TEMPO.CO, Palembang - Dua gergaji kayu masih menggelantung di tembok dinding mini workshop di kawasan gang kecil Gubah Atas, 29 Ilir, Palembang. Di atas meja kerja berukuran sekitar 60 sentimeter persegi itu tampak sejumlah perkakas tukang semacam bor ukir, amplas, pahat dan mistar siku yang digunakan untuk mengerjakan hulu dan warangka keris.
Workshop kecil itu milik Cek Eri. Siang itu, seniman dengan nama lengkap Heri Sutanto itu sedang mengerjakan hulu keris.
Sembari bercerita, diambilnya sepotong kecil kayu tembesu yang kemudian dijepitkannya pada sebuah ragum besi pada salah satu sisi meja kerjanya. Sejurus kemudian, alat ia menggosok untuk mengahaluskan permukaan kayu agar lebih mudah diukir dengan beragam motif.
Di bengkelnya, selain mengerjakan hulu atau gagang dan warangka atau sarung baru, Eri juga melayani permintaan merestorasi hulu dan warangka keris khas Palembang. Secara ekonomi, kegiatan yang ia tekuni sejak puncak pandemi Covid-19 yang baru lalu itu tidak terlalu menjanjikan. Namun, ia merasa bangga dapat ikut andil melestarikan pusaka kuno dari zaman keemasan Kesultanan Palembang Darussalam lebih dari seabad silam.

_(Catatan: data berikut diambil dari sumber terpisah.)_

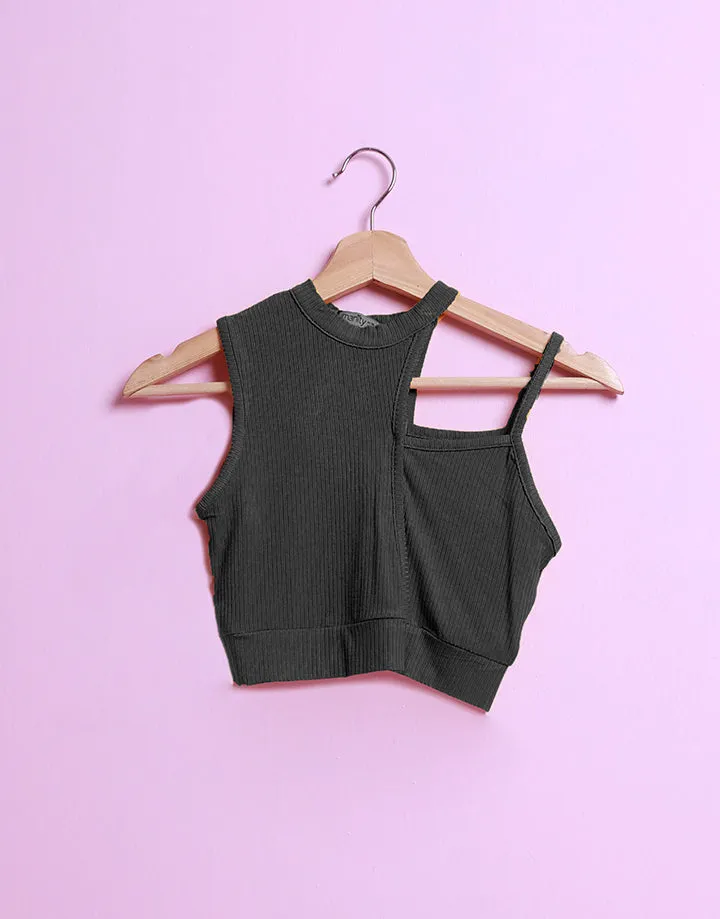 Cut-Out Crop Top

Usai mengikir kayu tembesu, Eri mengambil bor mini. Bor ini ia fungsikan untuk mengukir motif kepala burung elang, serta motif daun sirih pada bagian bawahnya. Dengung halus suara mesin bor mengiringinya menuntaskan pesan hulu keris yang lebih dikenal sebagai hulu luday.
Ragam motif hulu keris Palembang: hulu luday, putri malu, primitif dan Jawa demam anak ayam. TEMPO/Parliza Hendrawan
Kelestarian keris Palembang
Sambil bekerja, seniman ini berceloteh tentang kegundahannya akan kelestarian keris Palembang. Menjurut dia, keris Palembang saat ini mulai langka, pengrajinnya pun cuma ada satu atau dua. Itu pun hanya pengrajin hulu dan warangkanya, sedangkan untuk empu pembuat bilah dan cincin kerisnya sudah tidak ada.

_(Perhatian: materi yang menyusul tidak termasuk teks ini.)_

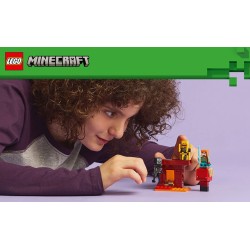 LEGO Minecraft 21266 Battaglia sul ponte del Nether
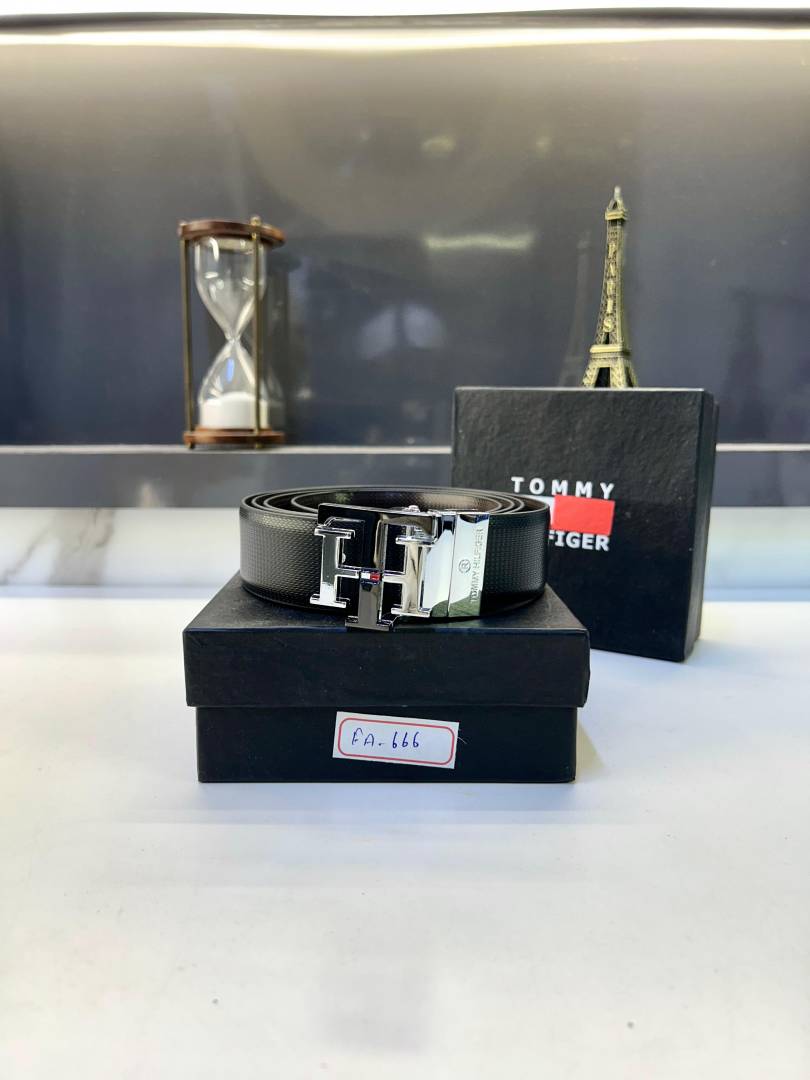 Tommy Hilfigar Glossy Silver Belt Fa 665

“Ukiran pada hulu Keris Palembang sangat istimewa tidak terdapat di daerah lain dan sampai saat ini belum ada yang mampu menyamainya. Sangat halus dan detail ukirannya. Tetapi sangat disayangkan belum adanya perhatian dari pihak terkait terhadap pengrajin keris Palembang,” ujarnya Ahad, 24 Desember yang lalu.
Ia mencoba untuk membandingkan situasi ini dengan daerah lain. Di Jawa dan Bali, katanya, keris dijadikan cendera mata. Demikian juga di Aceh, rencong juga sama menjadi ciri khas daerahnya. Bahkan di Madura menjadi industri yang menunjang ekonomi daerah. Kerajinan keris dari Madura merambah dunia. Para empu di Sulawesi Selatan kini pun mulai lagi berkarya.